The restriction applies to the proportion of interest paid which can (on a just and reasonable basis) be attributed to the dwelling-house letting element of the partnership’s whole business.

 

The restriction is being phased in over several years, beginning in 2017/18.  The restriction applies as follows:

  • 2017/18           75% of the interest which would otherwise be relieved under s383(1)
  • 2018/19           50% of the interest
  • 2019/20           25% of the interest
  • Thereafter        0% of the interest

 

Basic rate tax reducer

The individual is entitled to deduct from his tax liability, the proportion of the interest which would by relievable under s383(1) were it not for the restriction imposed by section 399A, multiplied by the basic rate of tax.

 

Example

In the tax year 2020/21, Jo pays loan interest of £10,000 on a loan which she has taken out to invest in a property-letting partnership.  The partnership owns a block of residential flats which are let to tenants, and its whole property business relates to those lettings.

Under section 383(1) and section 398 Jo would be entitled to deduct the £10,000 from her income, before calculating her income tax liability for the year.

Section 399A prevents the relief from being deducted from Jo’s income.  Instead, the basic rate of tax is applied to the £10,000, and the resulting sum is deducted from Jo’s tax liability.

 

Calculation of the basic rate tax reducer for trustees of an accumulated or discretionary trust

Section 274B ITTOIA 2005

The restriction also applies to the trustees of accumulated or discretionary trusts which are carrying on property business.  (For more information about these types of trusts, see TSEM1565).

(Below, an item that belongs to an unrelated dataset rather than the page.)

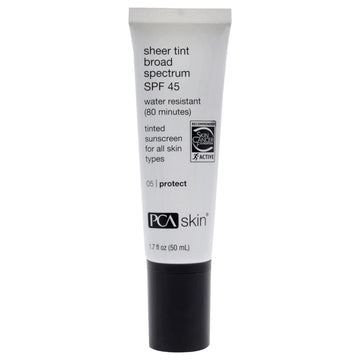 PCA SKIN Sheer Tint Broad Spectrum SPF 45 - Universally-Tinted Water-Resistant Hydrating Sunscreen for Use Alone or Under Foundation & Makeup (1.7  )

The restriction is calculated as for individuals as described above.  Similarly, the trustees of the settlement are entitled to relief at the basic rate.

The amount of the basic rate reduction to which the trustees are entitled is calculated as below:

 

Step 1 – calculate “relievable amount” for each property business

For each relevant property business carried on by the trustees, do the following:

  • Identify the interest and finance costs which would be deductible in arriving at taxable profit for that property business, were it not for the restriction imposed by section 272A.  If the property business in question is one operated by a partnership of which the trust is a member, the relevant amount is the amount which (without section 272A) would have been deductible by the partnership in arriving at its profits, multiplied by the trust’s percentage profit entitlement.
  • Add any as yet unrelieved amount relating to that business (or the trust’s share of that business) brought forward from earlier years – see below.

The total of these figures gives the trustees’ “relievable amount” in respect of that property business.

 

 

Step 2 – calculate relevant profits

For each relevant property business carried on by the trust, do the following:

  • Calculate the profits for the property business in question and deduct any loss brought forward under section 118 ITA 2007. Where the property business in question is carried on in partnership, the figure needed is the trust’s share of the profits, less any loss brought forward under section 118, which is accumulated or discretionary trust income.

 

 

Step 3 – Find “L” – lower of the results of Steps 1 and 2

For each relevant property business carried on by the trust, do the following:

  • Compare the results of Steps 1 and 2 above
  • Take the lower figure - this is “L”.

Step 4 – Calculate basic rate reducer

Multiply “L” by the basic rate of income tax for the year – this is the amount of tax which may be deducted from liability.